TASK: Show me every line in the listing that has the word "Honda".

+ + + + + + +

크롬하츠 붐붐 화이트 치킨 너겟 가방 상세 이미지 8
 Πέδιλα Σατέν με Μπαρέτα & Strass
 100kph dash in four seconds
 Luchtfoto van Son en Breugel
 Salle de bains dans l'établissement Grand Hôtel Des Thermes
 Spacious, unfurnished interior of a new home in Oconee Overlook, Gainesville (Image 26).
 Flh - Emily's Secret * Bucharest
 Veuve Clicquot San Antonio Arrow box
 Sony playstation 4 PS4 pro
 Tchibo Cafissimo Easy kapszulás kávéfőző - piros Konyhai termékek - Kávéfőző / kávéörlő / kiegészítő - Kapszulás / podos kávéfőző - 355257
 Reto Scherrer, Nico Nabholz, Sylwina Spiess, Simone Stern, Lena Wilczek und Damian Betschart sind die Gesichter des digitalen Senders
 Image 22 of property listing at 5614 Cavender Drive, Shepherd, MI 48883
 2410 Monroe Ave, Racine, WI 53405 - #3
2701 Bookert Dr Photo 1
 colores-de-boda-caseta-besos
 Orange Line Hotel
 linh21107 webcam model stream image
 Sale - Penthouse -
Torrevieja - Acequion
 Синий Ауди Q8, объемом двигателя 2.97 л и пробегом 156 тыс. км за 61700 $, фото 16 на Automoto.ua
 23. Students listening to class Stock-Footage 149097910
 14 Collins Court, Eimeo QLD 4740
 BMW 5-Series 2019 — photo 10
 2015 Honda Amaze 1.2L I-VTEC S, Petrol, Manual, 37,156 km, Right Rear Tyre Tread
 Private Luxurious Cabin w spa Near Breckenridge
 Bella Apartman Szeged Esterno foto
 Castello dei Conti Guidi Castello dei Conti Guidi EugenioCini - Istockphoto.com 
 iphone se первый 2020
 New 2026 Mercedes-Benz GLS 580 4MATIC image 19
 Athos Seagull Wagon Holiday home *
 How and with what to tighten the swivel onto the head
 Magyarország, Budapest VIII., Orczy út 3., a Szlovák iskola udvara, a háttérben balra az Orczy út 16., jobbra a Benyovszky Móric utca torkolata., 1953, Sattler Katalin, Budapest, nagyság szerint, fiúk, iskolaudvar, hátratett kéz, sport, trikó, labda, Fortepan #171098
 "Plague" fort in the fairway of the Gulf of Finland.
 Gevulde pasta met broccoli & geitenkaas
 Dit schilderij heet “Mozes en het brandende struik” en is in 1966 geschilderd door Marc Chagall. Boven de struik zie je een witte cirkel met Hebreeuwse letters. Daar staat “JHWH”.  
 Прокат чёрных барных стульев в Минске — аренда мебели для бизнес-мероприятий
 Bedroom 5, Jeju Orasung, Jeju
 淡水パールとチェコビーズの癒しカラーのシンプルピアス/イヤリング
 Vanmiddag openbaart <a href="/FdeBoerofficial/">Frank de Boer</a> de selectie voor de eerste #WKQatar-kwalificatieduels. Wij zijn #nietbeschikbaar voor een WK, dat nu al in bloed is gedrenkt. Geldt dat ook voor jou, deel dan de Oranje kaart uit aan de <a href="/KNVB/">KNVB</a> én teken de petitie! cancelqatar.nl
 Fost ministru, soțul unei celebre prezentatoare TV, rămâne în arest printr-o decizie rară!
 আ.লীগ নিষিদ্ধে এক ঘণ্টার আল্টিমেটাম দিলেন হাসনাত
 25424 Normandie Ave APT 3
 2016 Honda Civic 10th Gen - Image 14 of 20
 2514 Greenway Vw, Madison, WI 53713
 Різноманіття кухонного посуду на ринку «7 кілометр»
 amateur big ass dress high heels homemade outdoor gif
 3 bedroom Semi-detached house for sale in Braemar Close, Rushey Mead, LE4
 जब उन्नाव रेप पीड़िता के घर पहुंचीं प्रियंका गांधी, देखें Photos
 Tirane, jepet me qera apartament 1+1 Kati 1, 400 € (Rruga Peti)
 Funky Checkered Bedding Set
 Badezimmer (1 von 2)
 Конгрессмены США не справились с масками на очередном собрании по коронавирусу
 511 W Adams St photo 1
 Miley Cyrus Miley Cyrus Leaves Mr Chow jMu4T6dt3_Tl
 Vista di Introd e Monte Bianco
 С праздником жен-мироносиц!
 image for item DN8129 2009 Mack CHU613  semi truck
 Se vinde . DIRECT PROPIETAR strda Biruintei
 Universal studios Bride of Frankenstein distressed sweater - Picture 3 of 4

+ + + + + + +

RESULT:
 2015 Honda Amaze 1.2L I-VTEC S, Petrol, Manual, 37,156 km, Right Rear Tyre Tread
 2016 Honda Civic 10th Gen - Image 14 of 20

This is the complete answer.